We seek to compare iVAE and TCL in the context of causal discovery, as described in Section 5.2. Such an approach involves a two-step procedure whereby first either TCL or iVAE are employed to recover latent disturbances, followed by a series of independence tests. Throughout all causal discovery experiments we employ HSIC as a general test of statistical independence (Gretton et al.,, 2005). When comparing iVAE and TCL in this setting we report the proportion of times the correct causal direction is reported. It is important to note that the aforementioned testing procedure can produce one of three decisions: $x_{1}\rightarrow x_{2}$ , $x_{2}\rightarrow x_{1}$ or a third decision which states that no acyclic causal direction can be determined. The first two outcomes correspond to identifying causal structure and will occur when we fail to reject the null hypothesis in only one of the four tests. Whereas the third decision (no evidence of acyclic causal structure) will be reported when either there is evidence to reject the null in all four tests or we fail to reject the null more than once. Typically, this will occur if the nonlinear unmixing has failed to accurately recover the true latent sources. The results are reported in Figure 7(a) where we note that both TCL and iVAE perform comparably.

As a further experiment, we consider causal discovery in the scenario where one or both of the underlying sources demonstrate a significant mean modulation as shown in Figure 5. In such a setting the surrogate classification problem which is solved as part of TCL training becomes significantly easier, to the extent that TCL no longer needs to learn an accurate representation of the log-density of sources within each segment. This is to the detriment of TCL as it implies that it cannot accurately recover latent sources and therefore fails at the task of causal discovery. This can be seen in Figure 7(b) where TCL based causal discovery fails whereas iVAE continues to perform well. This is a result of the fact that iVAE directly optimizes the log-likelihood as opposed to a surrogate classification problem. Moreover, Figure 7(c) visualizes the mean classification accuracy for TCL as a function of the number of segments. We note that TCL consistently obtains classification accuracy that are significantly better that random classification. This provides evidence that the poor performance of TCL in the context of data with significant mean modulations is not a result of sub-optimal optimisation but are instead a a negative consequence of TCL’s reliance on solving a surrogate classification problem to perform nonlinear unmixing.

I.3 Real data experiments

Here we provide further details relating to the resting-state Hippocampal data provided by Poldrack et al., (2015) and studied in Section 5.2, closely following the earlier causal work using TCL by Monti et al., (2019).
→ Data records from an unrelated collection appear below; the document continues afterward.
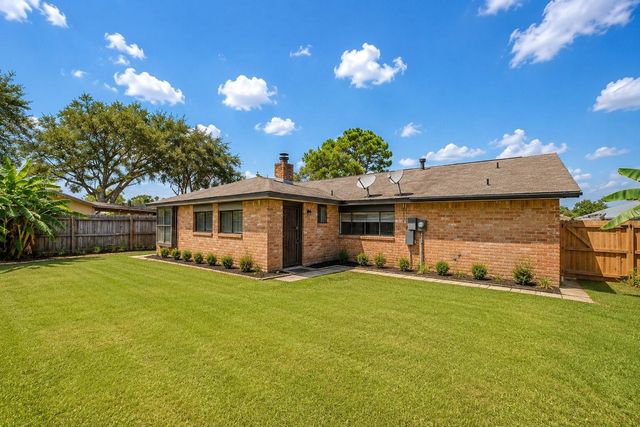9438 Fuqua Street, Houston, TX 77075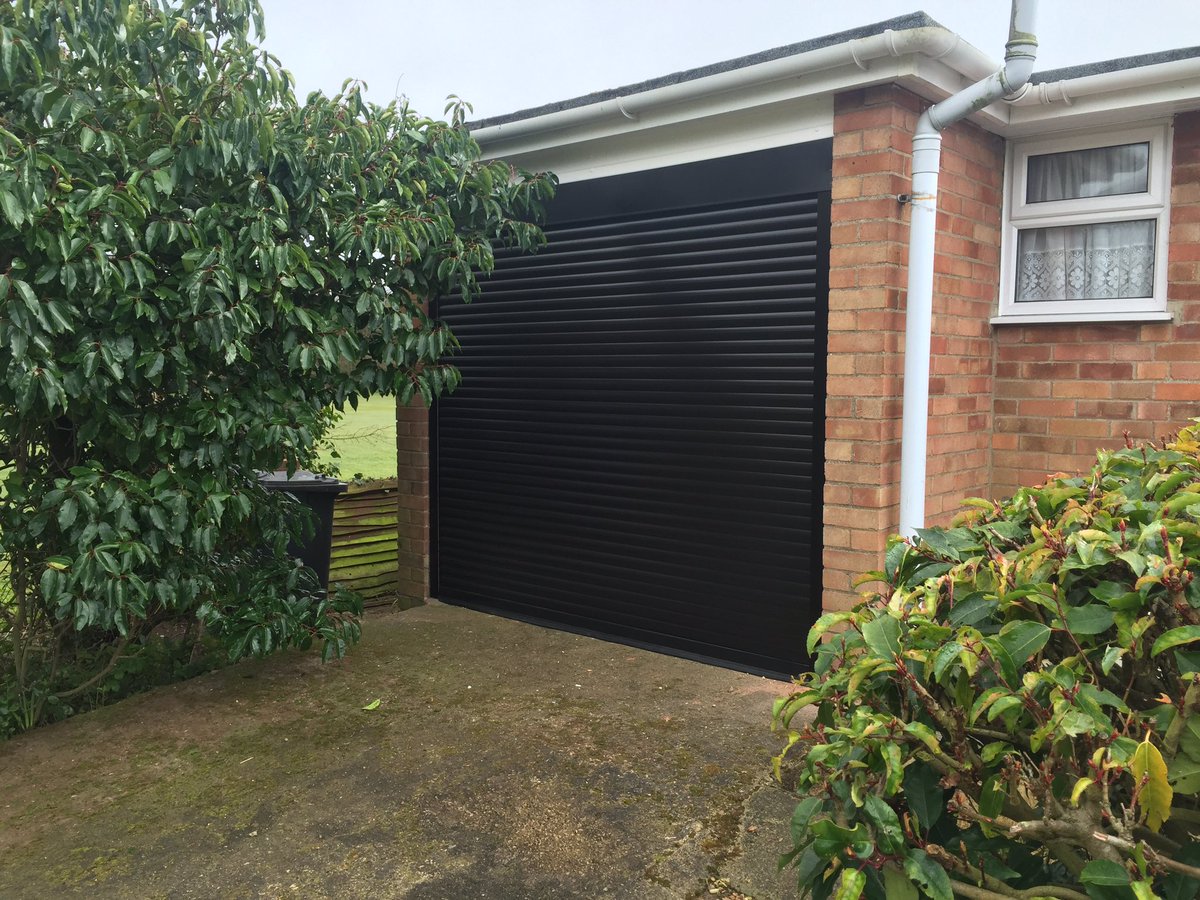 YLGDMLtd's tweet photo. Lovely new black roller door fitted in beeston https://t.co/mpCBYyKmXs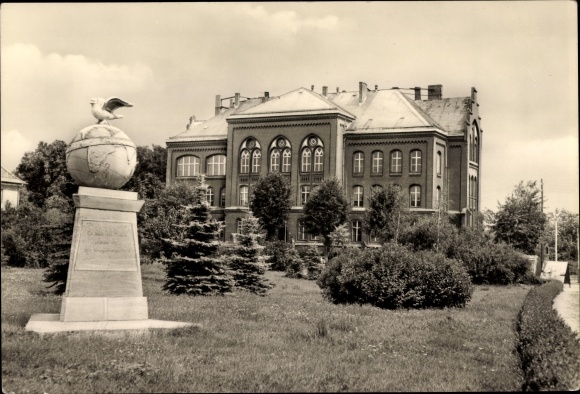 Postcard Prenzlau in the Uckermark, Puschkin high school and peace monument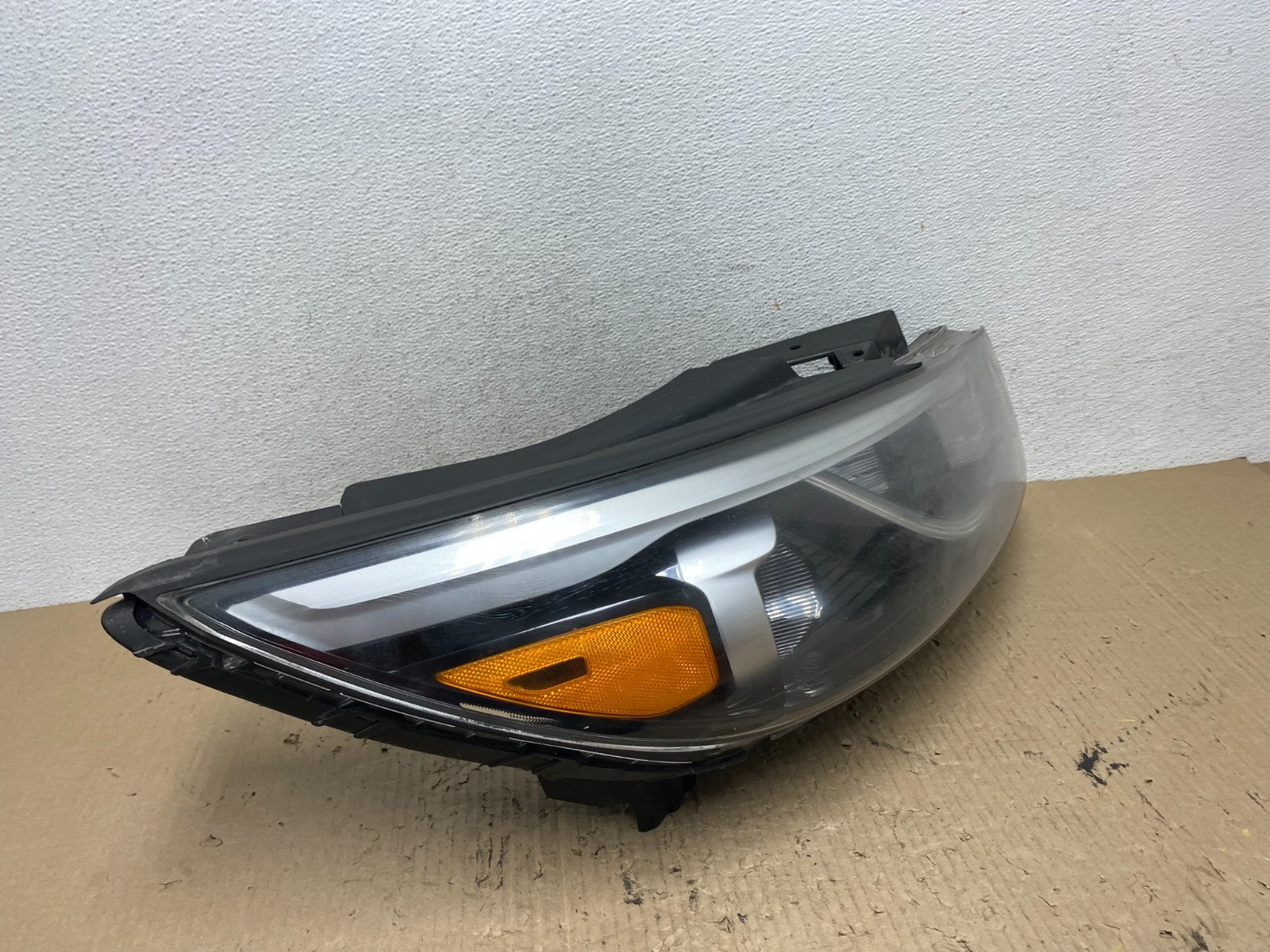 2015-2018 Kia Sedona Right Passenger RH Side Headlight Halogen AF7102 DW2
The data corresponds to daily fMRI scans from a single individual (Caucasian male, aged 45) collected over a period of 84 successive days. We consider data collected from each day as corresponding to a distinct segment, encoded in $\mathbf{u}$ . Within each day 518 BOLD observations are provided across the following six brain regions: perirhinal cortex (PRc), parahippocampal cortex (PHc), entorhinal cortex (ERc), subiculum (Sub), CA1 and CA3/Dentate Gyrus (DG).

I.4 Additional visualisations for comparison to VAE variants

As a further visualization we show in Figures 8 and 9 the recovered latents for VAE and iVAE ; we sampled a random (contiguous) subset of the sources from the dataset, and compared them to the recovered latents (after inverting any permutation in the components). We can see that iVAE has an excellent estimation of the original sources compared to VAE (other models were almost indistinguishable from vanilla VAE).

Appendix J ACKNOWLEDGEMENT

I.K. and R.P.M. were supported by the Gatsby Charitable Foundation. A.H. was supported by a Fellowship from CIFAR, and from the DATAIA convergence institute as part of the "Programme d’Investissement d’Avenir", (ANR-17-CONV-0003) operated by Inria.